We have some organizations that go over and they do their things, but I'm not aware of a real concerted Canadian effort, for example, that we're going to help Mongolia develop better policies, better capacity, and everything else, to handle the immense extractive resource sector they now have available to them.
Thank you very much. That's all the time we have.
Dr. Mintz, thank you very much for being here today.
Once again, if there are any other things you may have or you may think of and you'd like to send them through to the committee, we'd appreciate that as well. If you send that to the clerk, it will be distributed to the members.
We're going to suspend for a minute. Did you have a quick question?
I have a point of order, Mr. Chair. If I may, I would like to put on the record that Canada does focus its aid. We have chosen 20 countries of focus right now that we're working in—
Thank you for that non-point-of-order.
Anyway, let's suspend for two minutes and we'll get our next witnesses up. Thanks.
Would everyone please come back to the table so we can get started?
Welcome back.
I do want to thank Mr. Runde from the Center for Strategic and International Studies for being here today.
Looking at your CV, I know you have spent a lot of time trying to leverage the private sector in terms of international development interests. That's what our study is all about, so I think it makes you a particularly interesting witness. You can talk to us about your experience and what you've seen and what you've actually been able to accomplish.
We will start with your opening comments of about ten minutes, and then we go back and forth between opposition and government to ask some questions and get some answers.
We apologize for not having as much time as we'd like, but we are grateful to have whatever time we have. I'll leave it at that.
Mr. Runde, I'll turn it over to you, sir. The floor is yours.
It's an honour and a privilege to be here in Canada. Thank you very much for the invitation.
I'm Dan Runde, and as you described, I'm the director of the Project on Prosperity and Development and the William A. Schreyer Chair in Global Analysis at CSIS.
When I was at AID, they accused me of working for the CIA. And I know that up here you'll accuse me of working for CSIS, and I'm guilty as charged. But in this case, it's the Center for Strategic and International Studies, which is a foreign policy, defence, and now development think tank in the United States.
I've been to Canada many times and have had the honour and privilege of participating in the Halifax security conference. This is my third year, so I'm very familiar with Canada.
I think that from my remarks you'll see that I have some thoughts for you about your study.
I have just a couple of sentences more about me. I've worked in government. I was with the World Bank Group, at the International Finance Corporation, where I managed relations with philanthropy and corporate philanthropy as part of the World Bank Group. Then I ran a significant initiative office at the U.S. Agency for International Development, which is the U.S. equivalent of Canada's CIDA, on partnerships and public-private partnerships. I'll talk a little bit about that.
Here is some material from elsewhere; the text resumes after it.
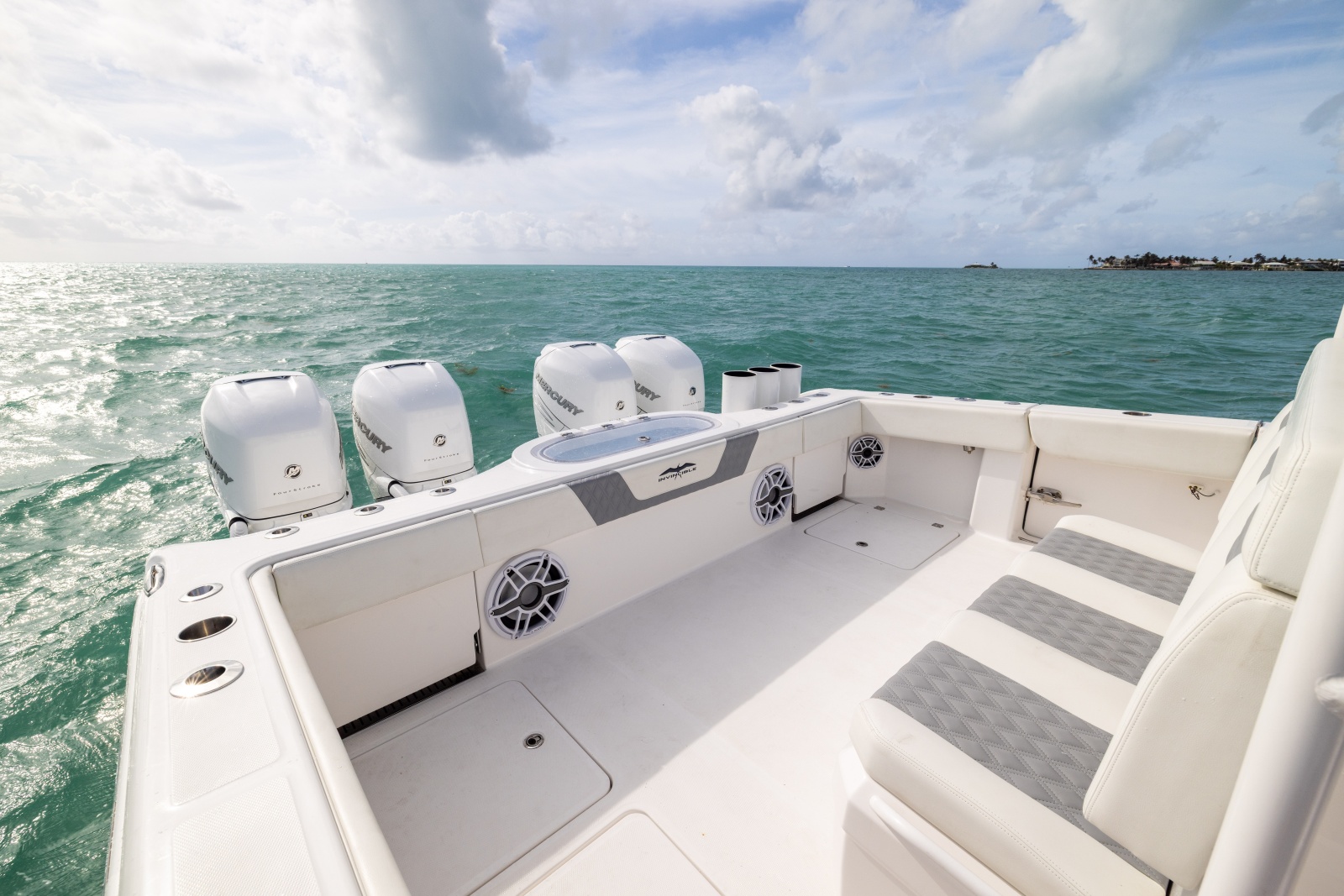 37' 2023 Invincible 37 Catamaran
I've also worked in the private sector. I worked at what's now Deutsche Bank. I worked at Citibank. I worked at the Bank of Boston when I lived overseas in Argentina for three years.
In another capacity, I'm also president of a professional society in Washington. Basically, it's the equivalent of a development practitioners association. It's called the Society for International Development.
So I wear a lot of hats, and I bring a lot of perspectives to this conversation about the role of the private sector, particularly for Canada and Canada's development cooperation.
I'm going to leave the committee with a few thoughts, and then I look forward to your questions.
First, Canada is a major global player that is poised to take advantage of a changed development landscape. One major change has been the massive increase and shift in resources to private sector economic engagement from the developed world to the developing world. Another major change has been an acknowledgement of the central role of the private sector in poverty alleviation.
Let me first talk about the shift in resource flows and bring it specifically to the Canadian case. Canada's official development assistance, as a whole, has grown from about $2.7 billion Canadian ten years ago to over $5 billion in 2010. This committee knows this very well. If you'll allow me, it is, of course, in Canadian dollars and not in U.S. dollars, so we're talking about real money, as opposed to....
Voices: Oh, oh!
Mr. Daniel Runde: As this committee well knows, in addition to massive encouragement and the massive increase in ODA, remittance flow from Canada to developing countries in 2009 was over $12 billion Canadian. Just think about that. There was $5 billion in official development assistance, more or less, and $12 billion in remittances to the developing world, just from Canada.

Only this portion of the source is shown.